More than that, all of us should realize that the alternative perspective (in my,
admittedly broad, terms:  XML as syntax rather than XML as agreed or expected
semantics) is not going to go away. It is the basis of pre-Infoset XML 1.0, and
many of us have taken that REC at its (literal) word and built production
applications on it. Now in the terms that John Cowan has phrased the 'moral'
question, my syntax-centric software is expendable because it is documents which
are precious. But I suspect that as a practical (and maybe even a moral) matter,
my software will continue to be useful, and used, because it performs commercially
necessary processes in an efficient and predictable way and has an auditable
history of producing correct results. In the world of production commercial
software those are precious qualities.

At the same time, I agree absolutely with John that documents are precious. So
much so, in fact, that I'll assert I treat documents--even what others might
regard as the ephemera with which I work:  securities orders, execution
reportings, cashiering tickets--with greater deference than do those who care more
about the meaning, the semantics, the intent of documents than about their syntax
and literal content. I have to:  it is the literal indications of quantity, price,
terms of execution, identity of the trade counterparty, identity of the custody
account, etc. on which all of my processing and all of my particular semantic
elaborations must depend. If a transaction is questioned, the investigation and
determination of that challenge will turn ultimately on its literal terms as
literally expressed in the particular syntax of an instance document, not on the
semantics I elaborated from that syntax, nor my assumptions of its 'intent',
however usual or industry-standard my semantic expectations might be. Add to this
that in the past fifteen years the business that I do has become thoroughly
global. One result is that what might once have been a reasonably defensible
argument that expected industry practice is to elaborate particular semantics from
given syntax would now most charitably be considered quaintly provincial.

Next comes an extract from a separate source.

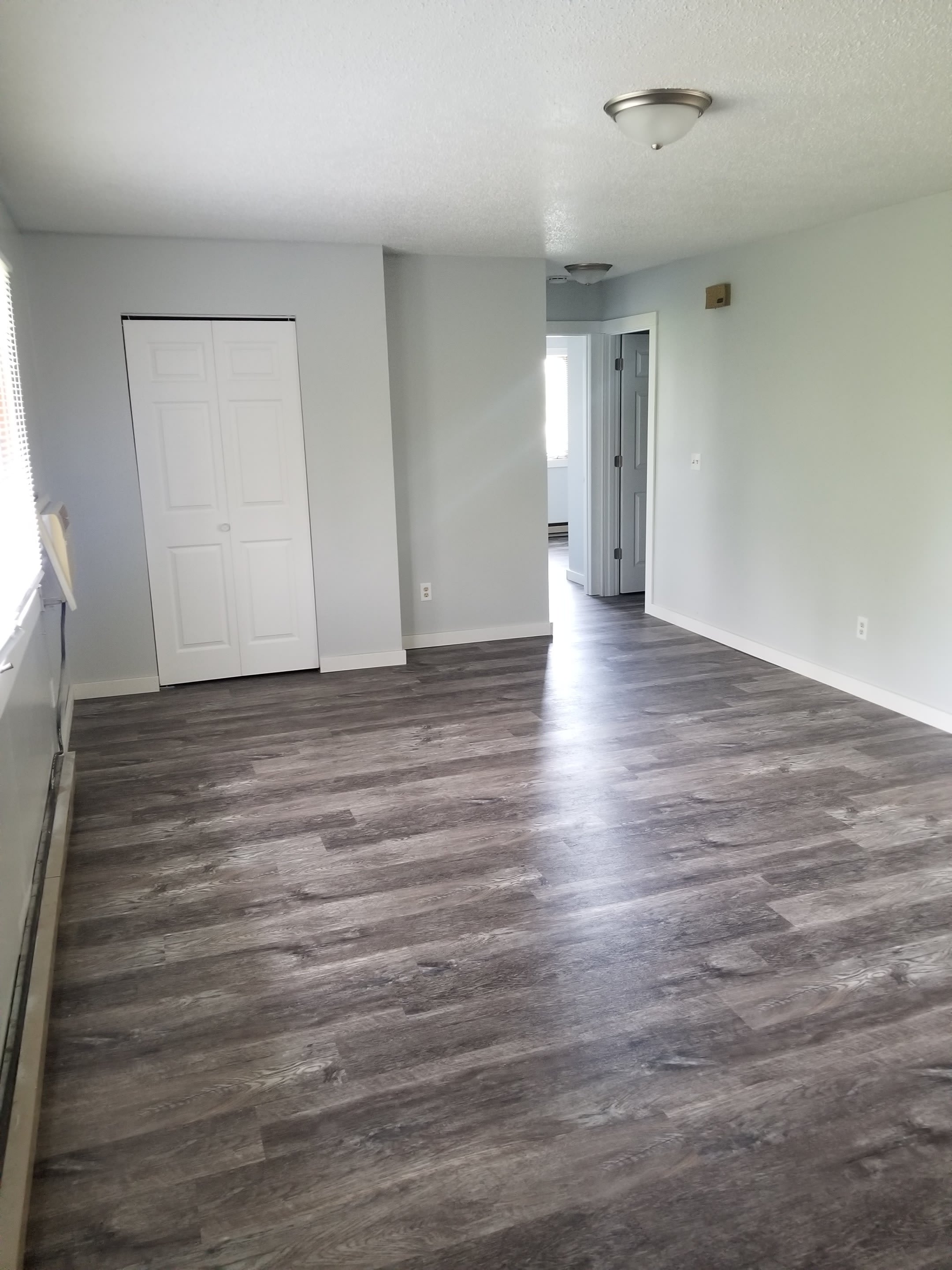 1112 Oakview Dr – photo 5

The phenomenon which financial services has had to confront sooner than other
industries is that things with similar names (after natural language translation)
and apparently similar properties do get processed in very different ways in
different places. That assertion should look very familiar to this list:  it is,
after all, the fundamental rationale for namespaces. The problem is that, in my
empirical experience, XML namespaces attempt to solve this problem the wrong way
around. The semantically-elaborated understanding of namespaces advocated by Tim
Berners-Lee, Dan Connolly, et. al., even before it progresses to the expectation
of dereferencing those namespaces to schemas, and perhaps later to 'standard'
processing methods or who-knows-what-else, is mistaking the data for the uses of
the data. If I am a cash settlement processing node in Thailand, I know how to
perform the locally-expected process for paying or receiving the cash side of a
securities transaction, and inherent (and probably encapsulated) in that process I
know what data I require to do it. If you are an order ticket or an execution
reporting on the trade which I am processing the cash settlement for, you should
not even know that I am using you as one of my several inputs to this process.
Considered semantically, you were designed or intended to convey a particular
message:  'execute a trade on these terms' if you are an order ticket, or 'close
this order (or portion of it) on the enclosed terms of execution' if you are an
execution reporting. However, when you as one such document are routed to me
because I am an interested party downstream in the pipeline of process from your
initial function, your original intent and the semantics elaborated to convey it
are meaningless. As a document you are now simply a container for the stark facts,
the atomic data which you convey. Let me emphasize that you know nothing about
me:  you were created to convey data to a particular process (and perhaps
semantically-understood, to command that process) which has now completed; as one
outcome of the successful completion of that process you were routed to me. You
shouldn't even know that I am in Thailand, or specific to the processing of Thai
cash settlements. Properly designed as, say, an order ticket in XML, you should
convey the ontology of an order as understood by whoever places it, without regard
to the particular presentation of an order as expected in Thailand. In fact, as a
properly designed XML order ticket, you should not exhibit the particular
presentation of an order as the data structure expected by anyone, not only
because good design of XML seeks to separate ontology from presentation, but also
because you want your order ticket to be generally applicable, to all of the
national markets in which you do business as well as to those in which you one day
might, but do not yet know anything of the practices and expectations of.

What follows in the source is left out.